The upcoming Shore Poets event will mark the last Mark Ogle Memorial Award (MOMA). The award, established in 2007, has commissioned works from some of the UK’s most celebrated poets.
Saturday 2nd March 2019 at 7.30pm – 9.45pm
The Cornerstone Centre, St John’s (at the junction of Princes Street & Lothian Road) Admission: £5 (includes a drink and light snacks)

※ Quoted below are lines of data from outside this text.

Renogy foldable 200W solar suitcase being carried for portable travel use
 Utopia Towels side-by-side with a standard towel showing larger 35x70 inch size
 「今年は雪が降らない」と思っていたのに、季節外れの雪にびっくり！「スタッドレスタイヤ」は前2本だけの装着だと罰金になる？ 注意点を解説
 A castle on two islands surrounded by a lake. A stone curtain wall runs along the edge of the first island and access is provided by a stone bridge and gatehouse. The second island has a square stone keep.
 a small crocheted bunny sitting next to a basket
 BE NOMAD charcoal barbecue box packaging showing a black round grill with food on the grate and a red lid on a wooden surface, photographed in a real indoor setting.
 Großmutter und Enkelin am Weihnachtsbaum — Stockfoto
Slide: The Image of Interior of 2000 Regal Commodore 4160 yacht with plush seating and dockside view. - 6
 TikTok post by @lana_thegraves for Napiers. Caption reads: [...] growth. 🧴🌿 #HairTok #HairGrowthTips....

The event will be held on Saturday March 2 at The Cornerstone Centre, St John’s. This year’s winner, Jim McGonigal, will speak. He will also be joined by winners from previous years Anna Crowe, Vicki Feaver and Tom Pow. Angus Peter Campbell and Meg Bateman hope to be there too, if possible. Music will be provided by Edinburgh band The Whole Shebang.
About the poets:
Mark Ogle (1948-1999)
One of the first members of the Shore Poets, his untimely death left behind unacknowledged poetic talent. The Mark Shore Memorial Award, commissioned by his family, allows his work to recognized by having a fellow Shore Poet respond to one of his poems with their own. A posthumous collection, A Memory of Fields, was published in 2000.
Jim McGonigal
This year’s winner, his poetry includes award-winning Passage/An Pasaíste (2004) and Cloud Pibroch(2010), both from Mariscat Press, and The Camphill Wren (2016) from Red Squirrel Press. His most recent work is Turning Over in a Strange Bed (Mariscat Press, 2017). He has also been a recipient of the Saltire Award for his biography Beyond the Last Dragon: A Life of Edwin Morgan (2012). He is the co-editor of The Midnight Letterbox (Carcanet Press, 2016), a selection of Morgan’s correspondence from 1950–2010.
Anna Crowe- 2013 winner
The Whole Shebang is an Edinburgh band, formed in 2011, who play a variety of music, including everything from show tunes, the blues, country to contemporary pop.
The line-up includes Kerry Houston (vocals), Fiona Shivas (vocals), Gail Turpin (vocals), Frank Glynn (fiddle and viola), Doug Govan (guitar and ukelele), Al Gray (bass), Bill Haddow (mandolin), and Hamish Whyte (percussion).